Luglio, telefonata con Luca Baldini dei Benvegnù finalizzata alla promozione del prossimo concerto per Paolo, il 4 agosto al Teatro Romano di Fiesole (FI). Ci saranno i musicisti che hanno accompagnato per anni Paolo Benvegnù e l’Orchestra Multietnica di Arezzo diretta da Enrico Fink, con cui l’artista ha suonato più volte. Ospite speciale Neri Marcorè, che ha prestato la sua voce nel disco “È inutile parlare d’amore” (la nostra recensione). Un’intervista per me dolorosa, la prima che parla di Paolo senza parlare con lui della sua musica.
Luca, per me è abbastanza difficile fare questa intervista, ho un po’ il groppo in gola. Sarete in concerto il 4 luglio nel Teatro Romano di Fiesole, sulle colline fiorentine, un nuovo appuntamento, dopo Firenze, Roncade, Arezzo. Quasi un tour …
Sai, io lo vivo come sicuramente un cordoglio condiviso, una elaborazione del lutto condivisa e sicuramente l’abbraccio delle persone che stiamo incontrando, che abbiamo sempre incontrato ai concerti, non solo del pubblico, ma anzi, come diceva Paolo, del nostro privato, degli organizzatori, della stampa, degli musicisti. È veramente un giro dell’Italia per ricordare Paolo, per sfiorarci un’altra volta, per sfiorarlo e per abbracciarci insieme per elaborare questa grossa perdita. A me ha fatto molto bene sapere che tante persone vogliono ancora bene Paolo e che tante persone hanno bisogno ancora di un piccolo respiro di questa anima incredibile… quindi per me è stato ed è ancora una grossa festa di cordoglio, di elaborazione di questo lutto.
Il modo migliore per dirgli ciao?
Assolutamente, il modo migliore di dirgli ciao, ma il modo migliore di averlo ancora, secondo me, per un po’ fra noi è di cercare nel modo possibilmente più delicato di tenerlo per molto tempo, non solo ricordarlo, ma farlo conoscere a molte persone che magari non lo conoscono, perché secondo me Paolo, oltre ad essere un amico incredibile da oltre vent’anni, per la precisione ventitré anni, è anche per me un poeta immenso, un filosofo importante, di cui la cultura italiana ha assolutamente bisogno. Non vorrei perderlo e non vorrei che questo paese non lo conosca, quindi in qualche modo cercherò, per quanto possibile, di ricordarlo e anzi di farlo conoscere a più persone possibile. Ci sono tanti livelli per cui è stato importante Paolo, per noi che l’abbiamo conosciuto personalmente, per la sua musica incredibile, per il suo essere intellettuale, ma non quell’intellettuale distaccato dalla realtà, cioè il suo era un essere intellettuale profondamente calato nel quotidiano, nelle cose semplici. Era l’alto e il basso comunque, lui volava in altissimo ma toccava le anime anche terrene, era veramente una persona completa che cercava di completarsi, ma era una persona che nel momento in cui la incontravi ti cambiava comunque la vita in qualche modo, anche se riuscivi a sfiorarlo appena, oppure a parlarci una volta soltanto, o a parlarci tante volte, ma comunque un segno te lo lasciava, anche quando arrivavi nei posti, era una persona sia umana che non umana.
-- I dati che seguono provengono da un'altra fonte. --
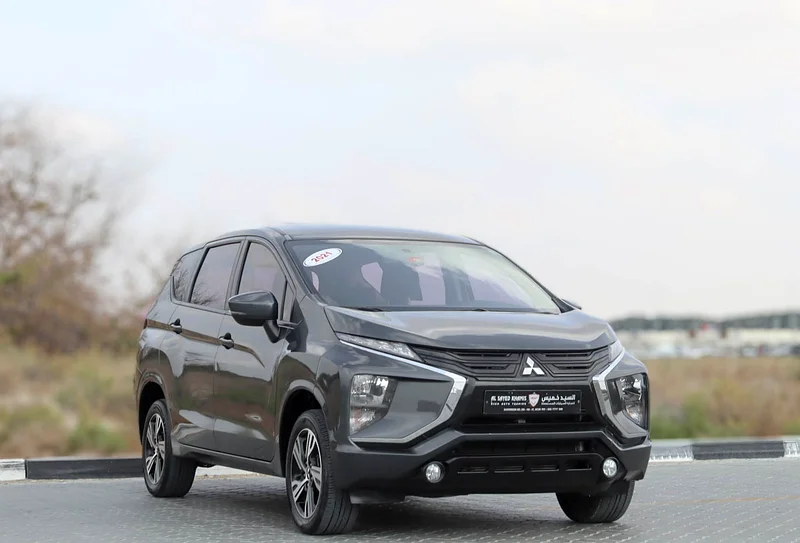 Mitsubishi XPander 1.5L 2021 GCC accident-free in excellent condition 649 P.M632238183430431129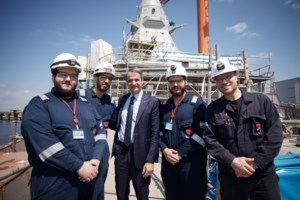 Ο Δένδιας για την "ατζέντα 2030": "Είκοσι F35 και συμμετοχή στο πρόγραμμα ναυπήγησης των φρεγατών Constellation" - εικόνα 3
L’ultima volta che ho parlato con Paolo è stata per l’uscita di “Piccoli Fragilissimi Film Reloaded”, e come sai non erano interviste, ma erano sempre chiacchierate di due ore, dalle quali poi dovevi tirar fuori un testo. Lui mi chiamò, mi disse sono in macchina, sto andando a prendere mia figlia a scuola, però ho proprio voglia di parlare con te Francesca. Faceva sempre molto piacere sentirlo, lui se poteva se ne fregava degli slot a tempo prefissati per le interviste, parlava quanto gli andava e parlava di tutto. In quella occasione, due cose mi colpirono: una è che il tempo non lo stava cambiando, nonostante il recente successo del Premio Tenco; l’altra è che lui quando parlava della sua musica, dei suoi lavori, che escono tutti a nome Paolo Benvegnù, non diceva mai “io”, ma diceva sempre “noi”. I suoi musicisti non erano un aggiunta, non un supporto, per lui non esisteva Paolo Benvegnù artista solista, esisteva nel “noi”, esistevano i Benvegnù, cioè lui si sentiva incompleto senza di voi, non esisteva.
Lui si prendeva in giro, ci prendevamo in giro, ci dicevamo siamo come Ramones, no? In realtà era veramente una persona che stava attenta a tutti, ascoltava tutti, faceva sì che la persona che era davanti a te era la persona più importante in quel momento e quindi ovviamente lo faceva con noi ma non solo, lo faceva con tutte le persone che incontrava.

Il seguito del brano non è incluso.